Record excerpts:
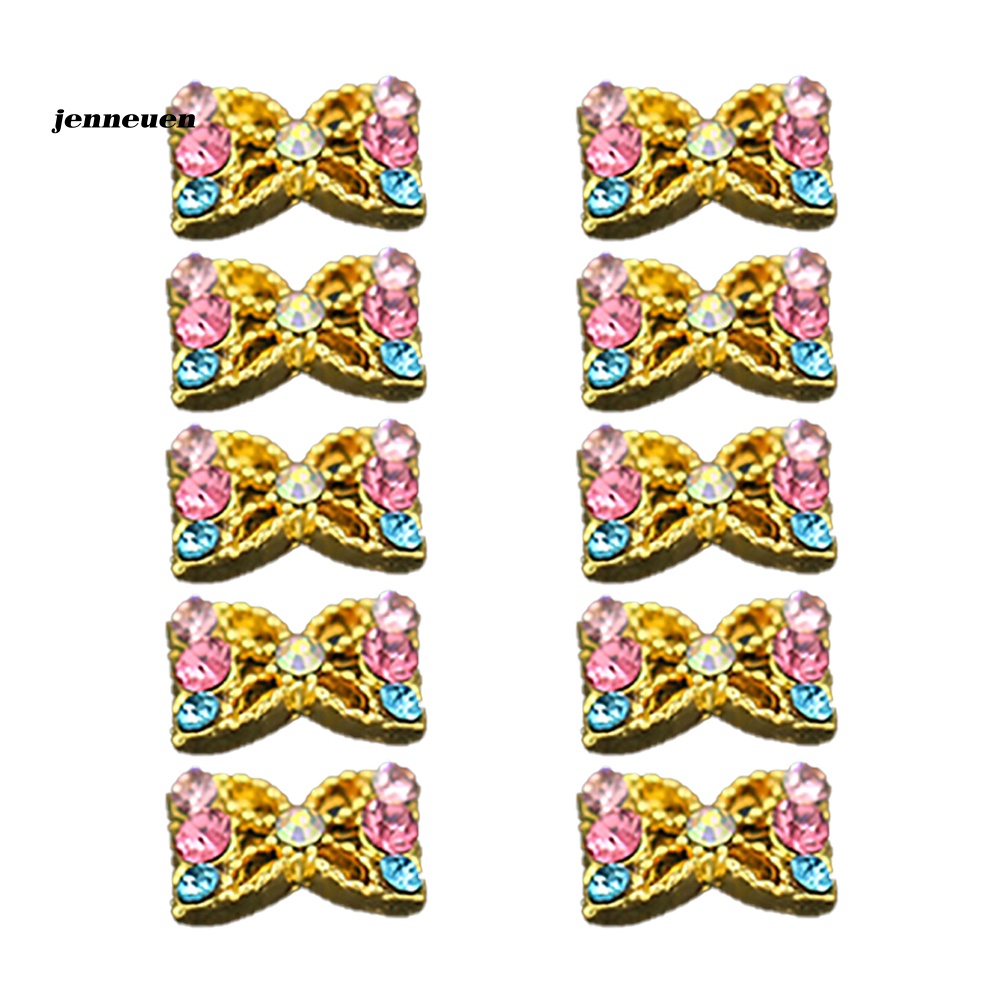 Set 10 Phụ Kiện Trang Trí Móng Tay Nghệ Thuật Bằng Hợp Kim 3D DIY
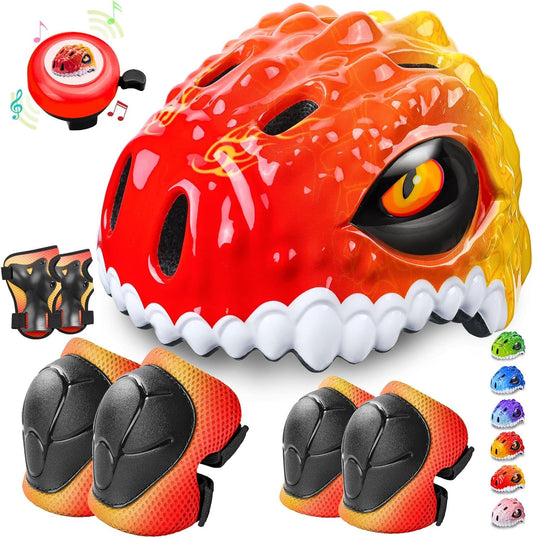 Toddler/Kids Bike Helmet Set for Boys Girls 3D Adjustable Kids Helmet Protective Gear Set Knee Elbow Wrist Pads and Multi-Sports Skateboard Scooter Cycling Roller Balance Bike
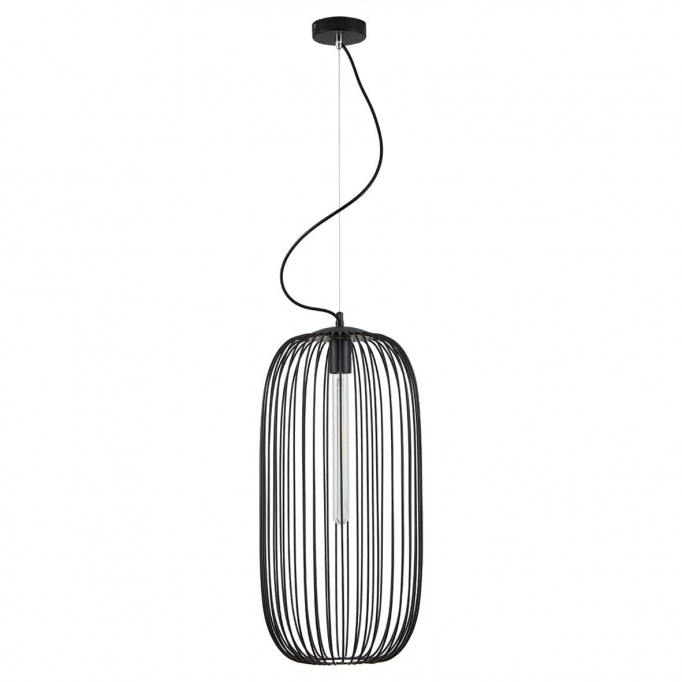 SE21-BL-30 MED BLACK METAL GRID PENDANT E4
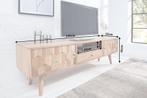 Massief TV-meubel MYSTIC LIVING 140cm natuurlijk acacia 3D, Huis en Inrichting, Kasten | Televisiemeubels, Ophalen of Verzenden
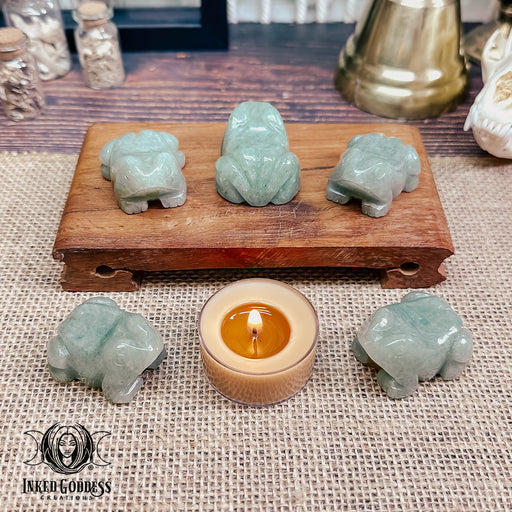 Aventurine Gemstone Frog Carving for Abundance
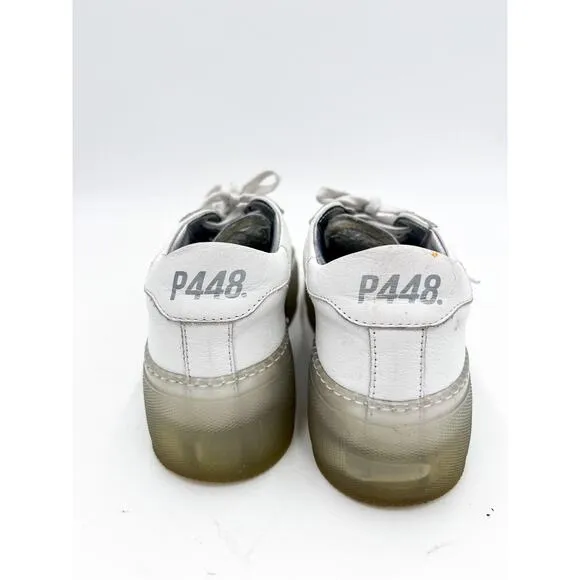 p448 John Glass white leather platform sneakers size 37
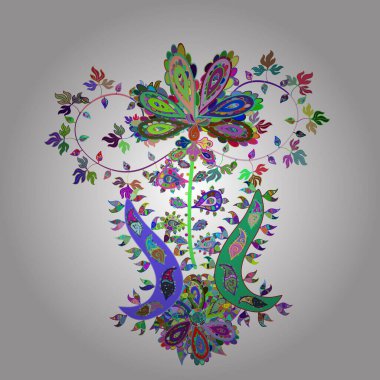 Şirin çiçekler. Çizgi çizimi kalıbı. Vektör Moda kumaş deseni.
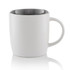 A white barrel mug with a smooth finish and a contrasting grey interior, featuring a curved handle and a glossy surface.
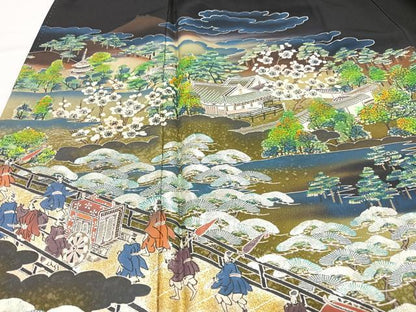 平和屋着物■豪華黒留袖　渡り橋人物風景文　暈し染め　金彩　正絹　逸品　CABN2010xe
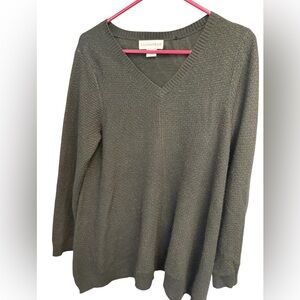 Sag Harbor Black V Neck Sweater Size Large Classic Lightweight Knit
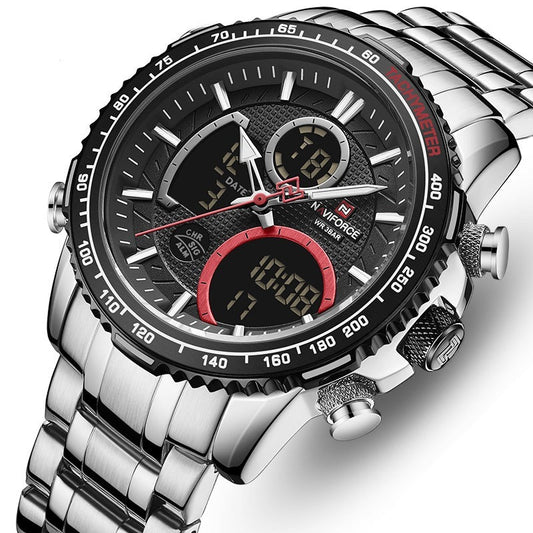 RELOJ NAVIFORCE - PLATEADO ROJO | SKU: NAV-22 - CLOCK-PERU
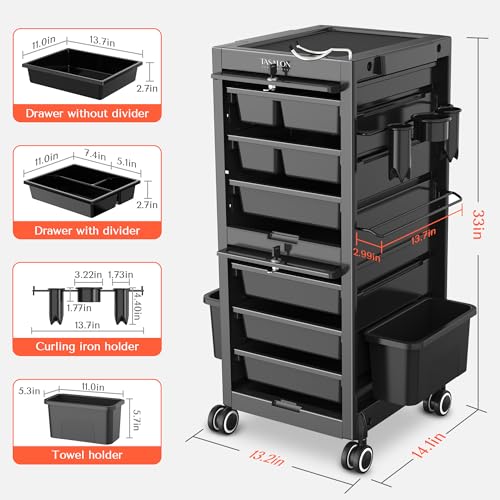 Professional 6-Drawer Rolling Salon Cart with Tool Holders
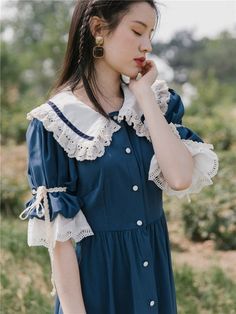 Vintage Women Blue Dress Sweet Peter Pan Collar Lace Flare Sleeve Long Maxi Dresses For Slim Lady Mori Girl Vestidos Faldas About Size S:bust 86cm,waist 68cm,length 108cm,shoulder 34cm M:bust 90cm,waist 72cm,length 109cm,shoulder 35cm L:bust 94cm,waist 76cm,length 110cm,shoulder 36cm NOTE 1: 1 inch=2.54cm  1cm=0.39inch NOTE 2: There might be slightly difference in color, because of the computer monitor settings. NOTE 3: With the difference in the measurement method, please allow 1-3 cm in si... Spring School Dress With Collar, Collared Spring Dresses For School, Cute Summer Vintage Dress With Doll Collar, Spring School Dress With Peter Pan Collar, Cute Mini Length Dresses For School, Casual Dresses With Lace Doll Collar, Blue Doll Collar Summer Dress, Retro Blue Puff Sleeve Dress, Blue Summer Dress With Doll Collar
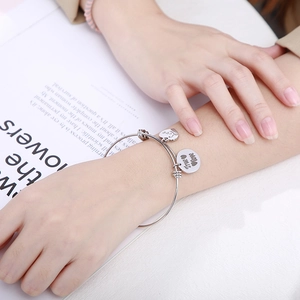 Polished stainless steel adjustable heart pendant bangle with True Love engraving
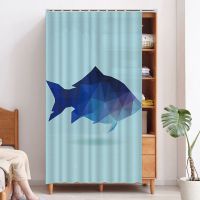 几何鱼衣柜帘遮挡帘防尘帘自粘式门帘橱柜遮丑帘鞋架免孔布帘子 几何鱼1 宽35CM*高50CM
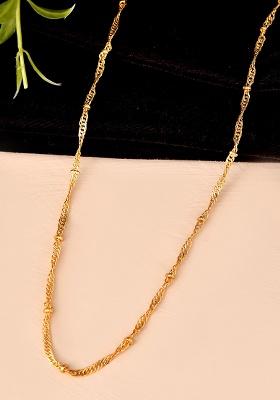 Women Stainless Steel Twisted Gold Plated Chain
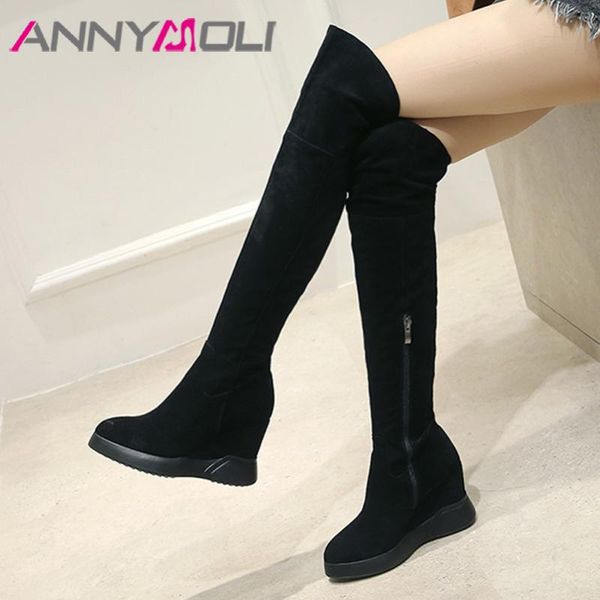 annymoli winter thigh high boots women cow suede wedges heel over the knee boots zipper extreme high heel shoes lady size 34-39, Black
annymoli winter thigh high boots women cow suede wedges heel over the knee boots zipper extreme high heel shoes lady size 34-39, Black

Task objective:
A word-for-word copy of the entries above is needed, with every picture dropped.

Expected output:
 Set 10 Phụ Kiện Trang Trí Móng Tay Nghệ Thuật Bằng Hợp Kim 3D DIY
 Toddler/Kids Bike Helmet Set for Boys Girls 3D Adjustable Kids Helmet Protective Gear Set Knee Elbow Wrist Pads and Multi-Sports Skateboard Scooter Cycling Roller Balance Bike
 SE21-BL-30 MED BLACK METAL GRID PENDANT E4
 Massief TV-meubel MYSTIC LIVING 140cm natuurlijk acacia 3D, Huis en Inrichting, Kasten | Televisiemeubels, Ophalen of Verzenden
 Aventurine Gemstone Frog Carving for Abundance
 p448 John Glass white leather platform sneakers size 37
 Şirin çiçekler. Çizgi çizimi kalıbı. Vektör Moda kumaş deseni.
 A white barrel mug with a smooth finish and a contrasting grey interior, featuring a curved handle and a glossy surface.
 平和屋着物■豪華黒留袖　渡り橋人物風景文　暈し染め　金彩　正絹　逸品　CABN2010xe
 Sag Harbor Black V Neck Sweater Size Large Classic Lightweight Knit
 RELOJ NAVIFORCE - PLATEADO ROJO | SKU: NAV-22 - CLOCK-PERU
 Professional 6-Drawer Rolling Salon Cart with Tool Holders
 Vintage Women Blue Dress Sweet Peter Pan Collar Lace Flare Sleeve Long Maxi Dresses For Slim Lady Mori Girl Vestidos Faldas About Size S:bust 86cm,waist 68cm,length 108cm,shoulder 34cm M:bust 90cm,waist 72cm,length 109cm,shoulder 35cm L:bust 94cm,waist 76cm,length 110cm,shoulder 36cm NOTE 1: 1 inch=2.54cm  1cm=0.39inch NOTE 2: There might be slightly difference in color, because of the computer monitor settings. NOTE 3: With the difference in the measurement method, please allow 1-3 cm in si... Spring School Dress With Collar, Collared Spring Dresses For School, Cute Summer Vintage Dress With Doll Collar, Spring School Dress With Peter Pan Collar, Cute Mini Length Dresses For School, Casual Dresses With Lace Doll Collar, Blue Doll Collar Summer Dress, Retro Blue Puff Sleeve Dress, Blue Summer Dress With Doll Collar
 Polished stainless steel adjustable heart pendant bangle with True Love engraving
 几何鱼衣柜帘遮挡帘防尘帘自粘式门帘橱柜遮丑帘鞋架免孔布帘子 几何鱼1 宽35CM*高50CM
 Women Stainless Steel Twisted Gold Plated Chain
 annymoli winter thigh high boots women cow suede wedges heel over the knee boots zipper extreme high heel shoes lady size 34-39, Black
annymoli winter thigh high boots women cow suede wedges heel over the knee boots zipper extreme high heel shoes lady size 34-39, Black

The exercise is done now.